The CDC’s National Diabetes Prevention Program is focused on members of a far larger group, those who are pre-diabetic or have high sugar levels, but have not yet developed the full-blown disease. According to the CDC, these individuals can cut their risk of diabetes by nearly 60 percent by participating in a certified prevention program.
The key is access to the program, according to Darrin Anderson, executive director of the NJ YMCA’s State Alliance, and that means meeting people in their community. Local YMCAs have multiple locations and can also host a prevention program at a library or senior center, if that’s what makes sense for the community.
“Access is very important,” Anderson said. “We can bring it to a location where those nearby who don’t have access to transportation can still attend,” he said.
This goal also reflects a growing trend among public health leaders seeking to address the underlying social determinants of health, including poverty, poor housing, and lack of healthy food. The Trenton YMCA has worked with other stakeholders in the Trenton Health Team to reduce obesity among children in the capital city, an effort that could reduce the incidence of diabetes in the area.
Donna Peart, director of healthy living at the Fanwood-Scotch Plains YMCA, which has run the diabetes prevention program for three years, says the process can be highly effective — if the individual involved is “in the ready phase.” If people are only there because someone else urged them to go, they won’t have the same results.

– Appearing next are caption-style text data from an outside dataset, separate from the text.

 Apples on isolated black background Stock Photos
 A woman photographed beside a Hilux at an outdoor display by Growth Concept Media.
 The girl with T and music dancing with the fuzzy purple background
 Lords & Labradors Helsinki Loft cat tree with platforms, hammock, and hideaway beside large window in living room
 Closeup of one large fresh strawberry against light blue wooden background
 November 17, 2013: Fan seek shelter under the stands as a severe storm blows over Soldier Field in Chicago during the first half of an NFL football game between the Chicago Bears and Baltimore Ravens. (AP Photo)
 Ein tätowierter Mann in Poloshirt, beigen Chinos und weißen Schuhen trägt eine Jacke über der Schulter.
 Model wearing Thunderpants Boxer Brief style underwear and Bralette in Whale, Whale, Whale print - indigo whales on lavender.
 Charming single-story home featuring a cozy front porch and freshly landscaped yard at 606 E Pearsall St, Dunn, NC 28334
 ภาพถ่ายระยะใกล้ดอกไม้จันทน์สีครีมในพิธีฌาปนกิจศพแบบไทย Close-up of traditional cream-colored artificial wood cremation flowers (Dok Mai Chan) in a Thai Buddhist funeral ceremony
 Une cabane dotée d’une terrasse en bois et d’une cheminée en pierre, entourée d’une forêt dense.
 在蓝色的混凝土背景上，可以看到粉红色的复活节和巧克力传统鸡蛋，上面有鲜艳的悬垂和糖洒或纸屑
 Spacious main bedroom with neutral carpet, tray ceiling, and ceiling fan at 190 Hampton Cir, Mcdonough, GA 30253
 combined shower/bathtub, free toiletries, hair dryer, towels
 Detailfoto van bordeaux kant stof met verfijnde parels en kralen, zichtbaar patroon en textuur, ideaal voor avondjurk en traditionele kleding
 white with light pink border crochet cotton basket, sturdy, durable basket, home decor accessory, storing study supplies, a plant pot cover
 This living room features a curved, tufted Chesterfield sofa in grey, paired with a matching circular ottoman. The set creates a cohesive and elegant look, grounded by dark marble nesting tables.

The class involves more than two-dozen one-hour sessions, spread over a year, and starts with weekly meetings of a group of eight to 10 participants, Peart said. Trained leaders help those involved asses their weight and target a percentage of those pounds for loss, discuss eating habits, and find ways to include 150 minutes of exercise a week, through walking, dancing, gardening, or other activities they enjoy. In Fanwood-Scotch Plains, the program comes with a free three-month membership, and sometimes participants chose to work out together before their group class, she added.
“It’s hard work,” Peart said. “People have to be present, willing, and able,” she said, “but I tell them, “this is your one hour, just for yourself.”